The administration of Mariano Vallestro saw the creation of Calle Trabajo, on the eastern side of the town and the improvement of school buildings and public places.

Adriano Ferrera was elected Municipal President in 1922. During his term, a new site for the municipal building was purchased through donations from the townspeople and with P 500.00 from the provincial fund, the construction of the municipal hall was undertaken.

From 1922 to 1928, Baras improved its educational facilities through additional classrooms, construction of school buildings, and increased school grounds. An artesian well was drilled at Barrio San Jose. A site for the public market was also purchased.

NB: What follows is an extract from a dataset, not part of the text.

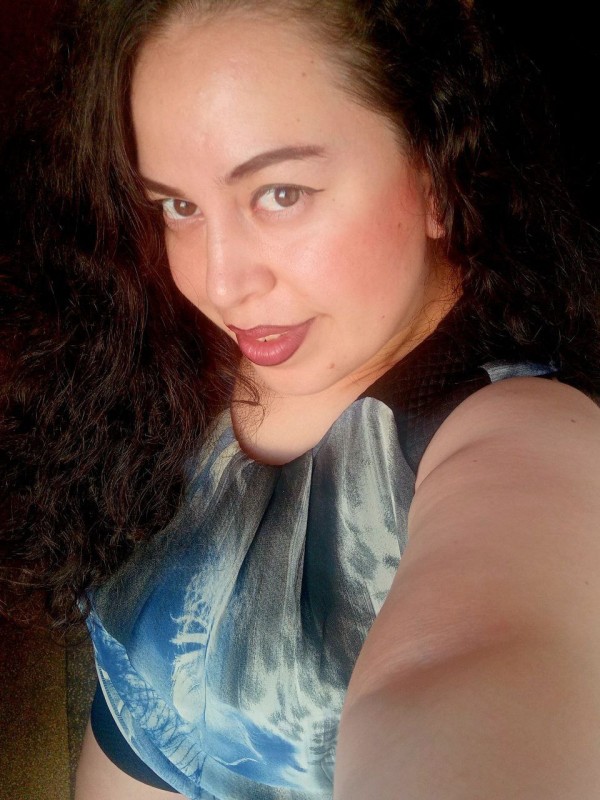 LIDIA…..UNA ESCORT PARA TUS NOCHES MORBOSAS.!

From 1929 to 1931, Baras was classified as a fifth class municipality and had settled its boundary with Tanay and Morong. The following years saw the continued development of Baras: reconstruction of the municipal building; repair of the municipal artesian wells; construction of more classrooms; constructions of additional school buildings at Barrio Pinugay; and
construction of an irrigation dam for the farmers.

The war broke out on December 8, 1941, and Baras was occupied by the Japanese Imperial Army on February 6, 1942. Many young men of Baras joined the guerilla forces. On February 4, 1945, the Japanese army ordered the Baraseneans to evacuate their town and to move to other adjacent towns and provinces. The town of Baras was razed to the ground on March 10, 1945. This signified the liberation of the town but also left the Barasenians homeless. The rehabilitation of the town began. War damage claims were filed to the amount of P 300,000 to be used for the construction of new houses.

Then mayor, Mariano Golla, focused on the improvement of roads and the construction of a public dispensary. Under his term, Baras was elevated to a fourth class municipality due to an increase in income.

Under the succeeding administrations, improvements of road networks were implemented; seven liberty wells were constructed; the number of school houses were increased; river controls in Barangay San Juan and San Jose were constructed; rehabilitation of the existing government building continued; and a reforestation program was launched.